__ABOUT THIS EXERCISE__: Return the records that follow unaltered. Omit every picture.

--- SOURCE INFORMATION Enclosed Below ---

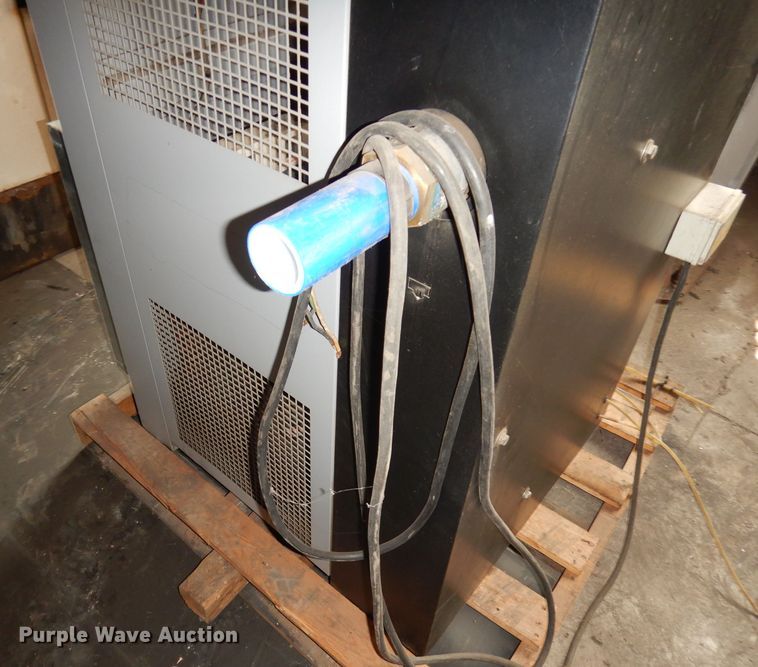 image for item KC9122 Beko Drypoint RA DPRAHT300NAET  air dryer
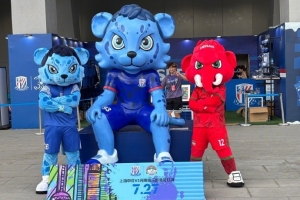 布魯和“網(wǎng)友”奔現(xiàn)啦！歡迎河南隊的巴布做客上海??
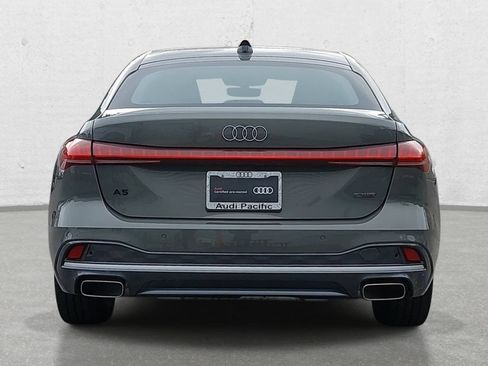 Certified 2025 Audi A5 2.0T Premium Plus w/ Premium Plus AWD/4WD image 6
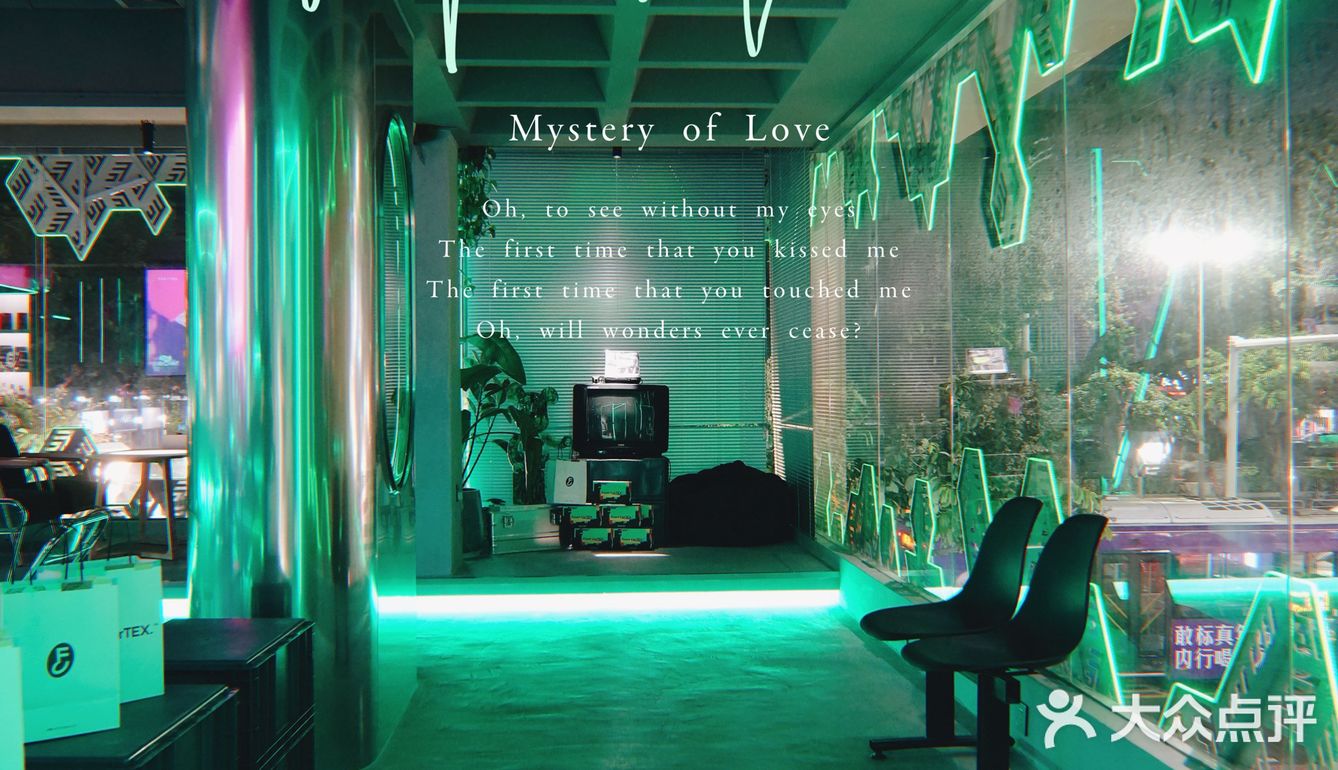 佛山探店｜来体验酷炫科技的绿🟢『泛课题』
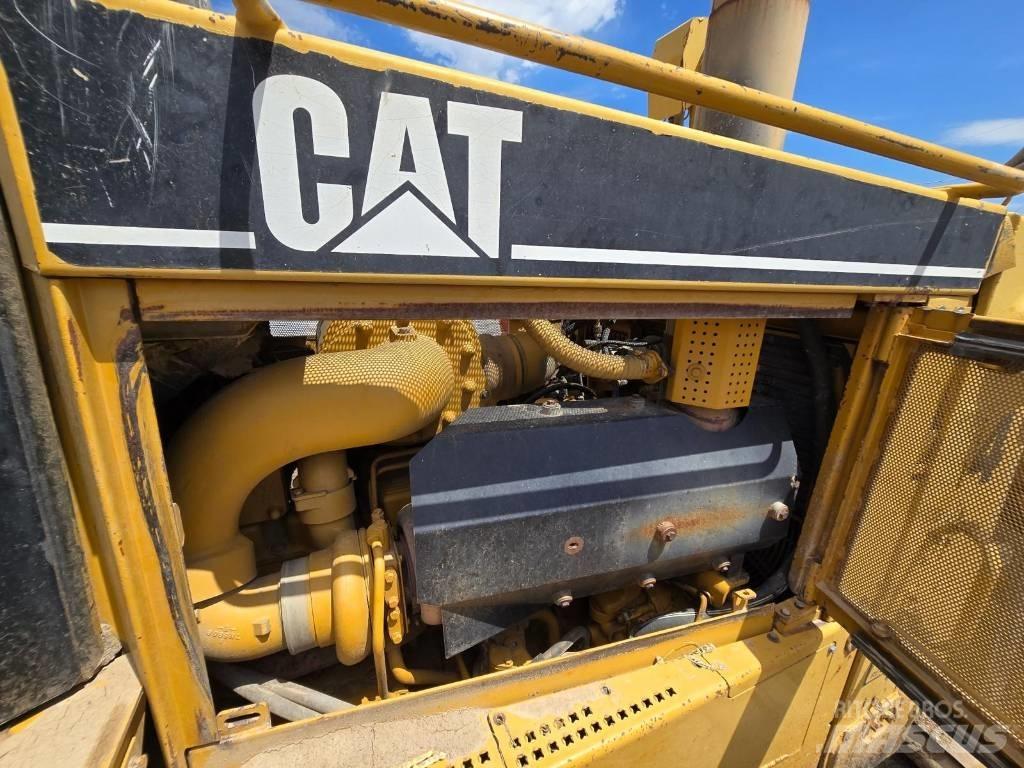 CAT D 8 R II Greyderler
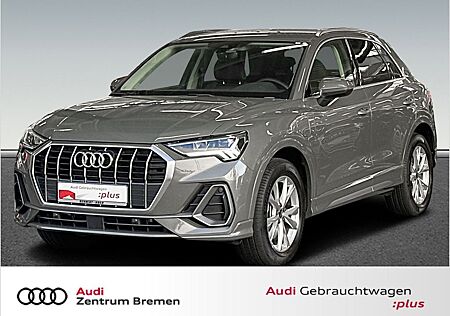 Audi Q3 45 TFSI e S tronic UPE65 AHK ACC LED SOUND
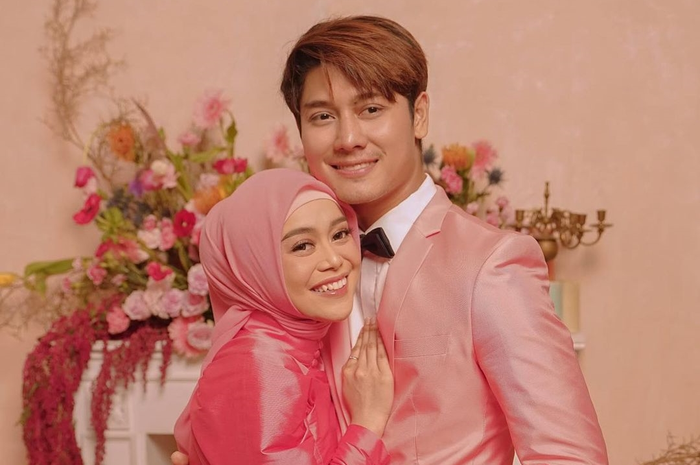 Lesti Kejora dan Rizky Billar 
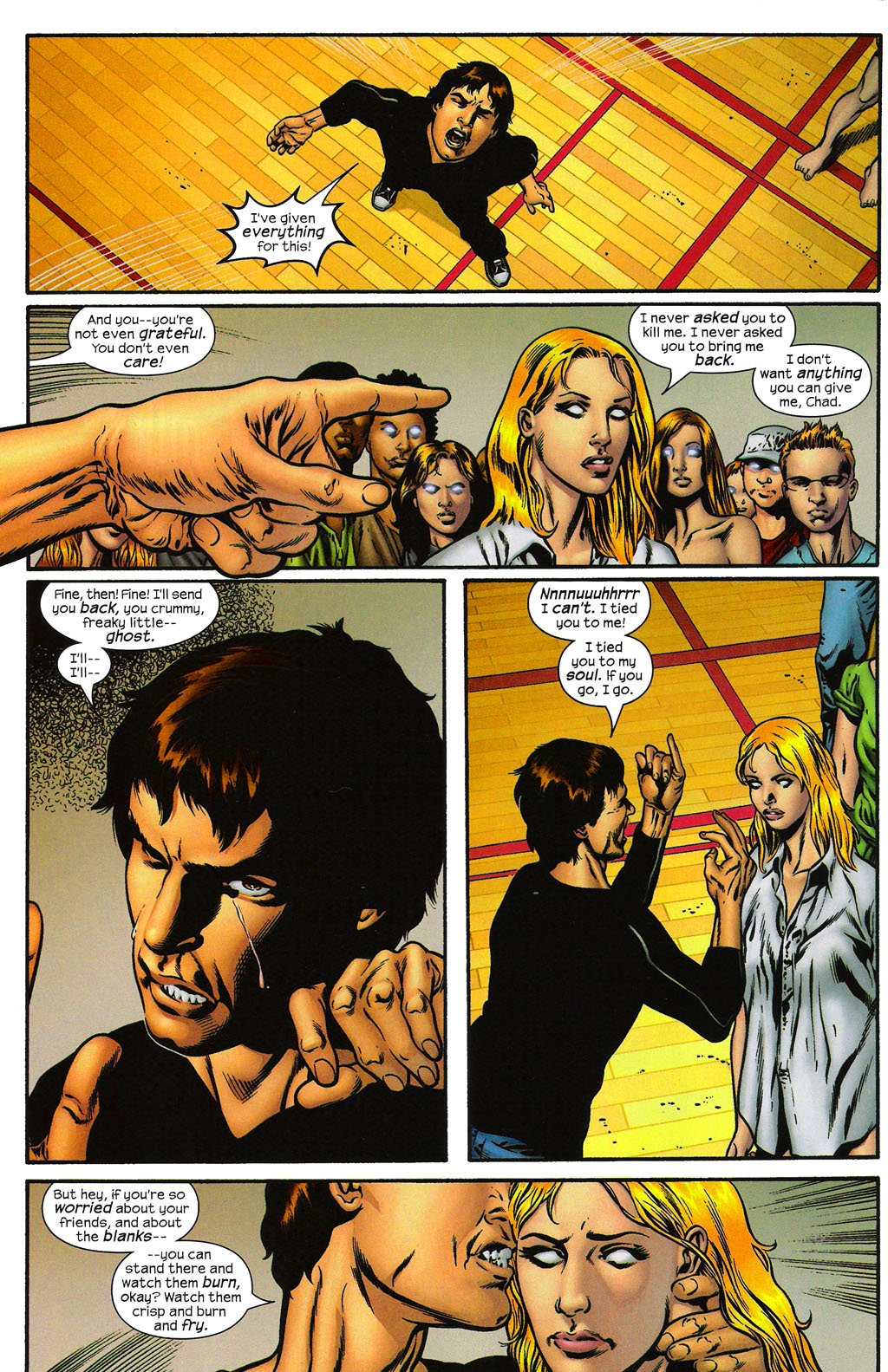 Read online Spellbinders comic -  Issue #6 - 15
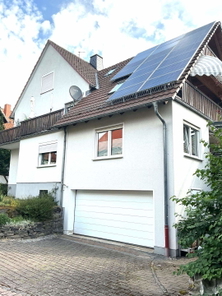 Seitenansicht m. Doppelgrage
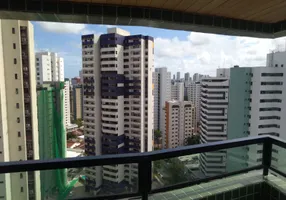 Foto 1 de Apartamento com 3 Quartos à venda, 103m² em Tamarineira, Recife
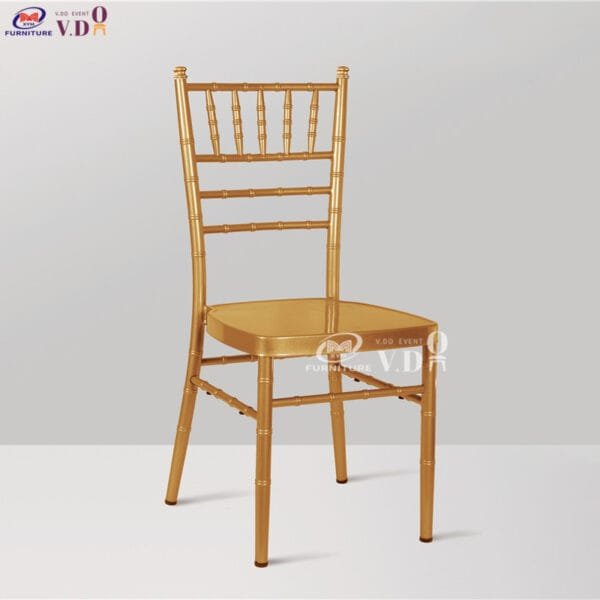 metal chiavair chairs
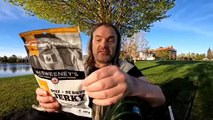 Mr Sweeney's Teriyaki Beef Jerky Review Canada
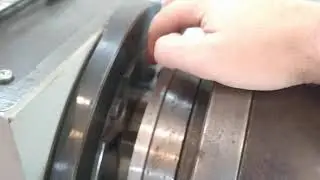 Фт 11 16Б25 Про уплотнение шпинделя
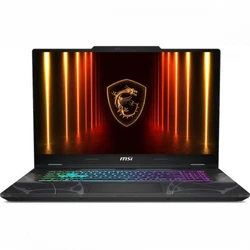 Ноутбук MSI Cyborg 17 B2RWFKG-290XKZ 9S7-17U332-290 17.3 ", FHD 1920x1080 (16:9), Intel, Core 5, 16 Гб, 1 ТБ, nVidia GeForce RTX 5060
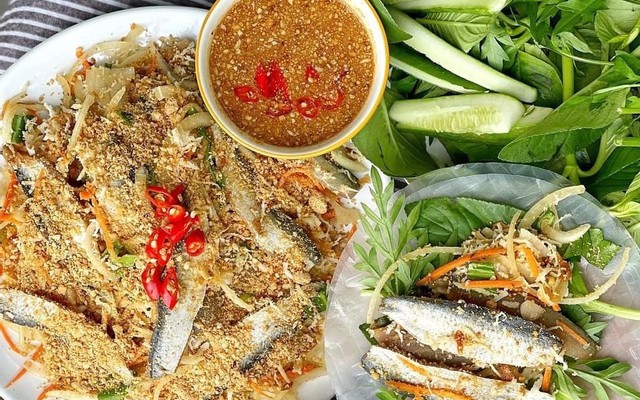 Gỏi Cá Bé Vân - Hà Đông 1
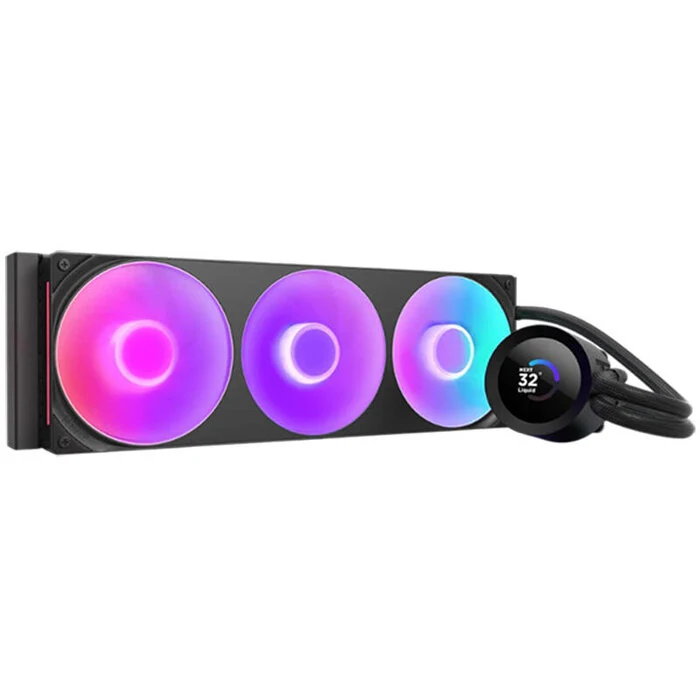 CPU Cooler CPU COOLER MULTI SOCKET KRAKEN PLUS 360 RGB V2 NZXT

--- End of Enclosed SOURCE INFORMATION ---

__COMPLETED TASK__:
 image for item KC9122 Beko Drypoint RA DPRAHT300NAET  air dryer
 布魯和“網(wǎng)友”奔現(xiàn)啦！歡迎河南隊的巴布做客上海??
 Certified 2025 Audi A5 2.0T Premium Plus w/ Premium Plus AWD/4WD image 6
 佛山探店｜来体验酷炫科技的绿🟢『泛课题』
 CAT D 8 R II Greyderler
 Audi Q3 45 TFSI e S tronic UPE65 AHK ACC LED SOUND
 Lesti Kejora dan Rizky Billar 
 Read online Spellbinders comic -  Issue #6 - 15
 Seitenansicht m. Doppelgrage
 Foto 1 de Apartamento com 3 Quartos à venda, 103m² em Tamarineira, Recife
 metal chiavair chairs
 Mr Sweeney's Teriyaki Beef Jerky Review Canada
 Фт 11 16Б25 Про уплотнение шпинделя
 Ноутбук MSI Cyborg 17 B2RWFKG-290XKZ 9S7-17U332-290 17.3 ", FHD 1920x1080 (16:9), Intel, Core 5, 16 Гб, 1 ТБ, nVidia GeForce RTX 5060
 Gỏi Cá Bé Vân - Hà Đông 1
 CPU Cooler CPU COOLER MULTI SOCKET KRAKEN PLUS 360 RGB V2 NZXT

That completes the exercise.